O livro veio justamente no sentido de trazer as contribuições teóricas e experiências práticas dos homens negros fazendo um contraponto à essa narrativa depreciativa, não no sentido de idealizá-lo, mas sim complexificá-lo. Os últimos acontecimentos têm mostrado que esse discurso de demonização dos homens negros é nocivo para todas as pessoas negras, pois se por um lado degrada a humanidade do homem negro (legitimando toda a violência contra ele), por outro tende a sacralizar as mulheres negras, colocando-as como reserva moral da população negra. Isso acaba gerando grandes expectativas em torno das mesmas, que caso não sejam contempladas, a tendência é que sejam julgadas sumariamente. Em síntese, ambos são desumanizados, simplesmente porque não somos santos nem demônios.

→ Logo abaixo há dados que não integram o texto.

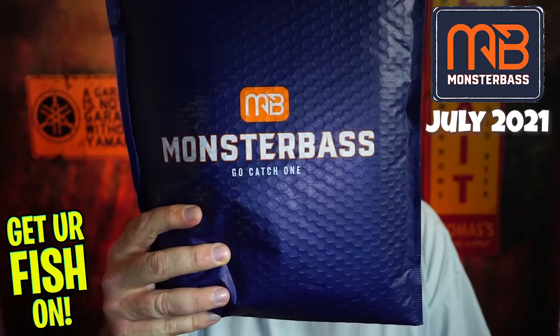Hey guys, welcome back. Hope you're having a blessed day. Today we're going to look at the July 2021 Monster Bass Subscription Tackle Box.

Felizmente um outro segmento do movimento de mulheres negras que sempre viu com desconfiança esse discurso, têm ganhado maior expressividade e disputado espaço no debate público. Ainda assim, sublinho a importância de que as pessoas negras, de forma geral, façam o exercício existencial de lerem, ouvirem e verem os homens negros por um prisma humanizador, e não através das lentes do ódio, do ressentimento e da colonialidade.
Nós homens negros temos falado nos últimos anos sobre exatamente isso, como esse discurso que procura desqualificar, por inteiro, o outro, como forma de se projetar, é uma tática fadada ao fracasso e a humilhação pública. Apenas alguns poucos se beneficiam disso, que agora ou estão calados, ou, oportunamente, adequando seus discursos para o momento.
De um ponto de vista relacional, homens e mulheres, com suas óbvias particularidades, estão interligados. Não há avanços sólidos na nossa desunião. Famílias, relações afetivas, sexuais e profissionais dependem do fortalecimento de nossos laços. Todos os movimentos negros brasileiros, dentro das possibilidades dos seus contextos históricos, tiveram essa preocupação.
Enfim, como diria o sociólogo Guerreiro Ramos, nos atentemos ao Negro Vida e não ao Negro Tema.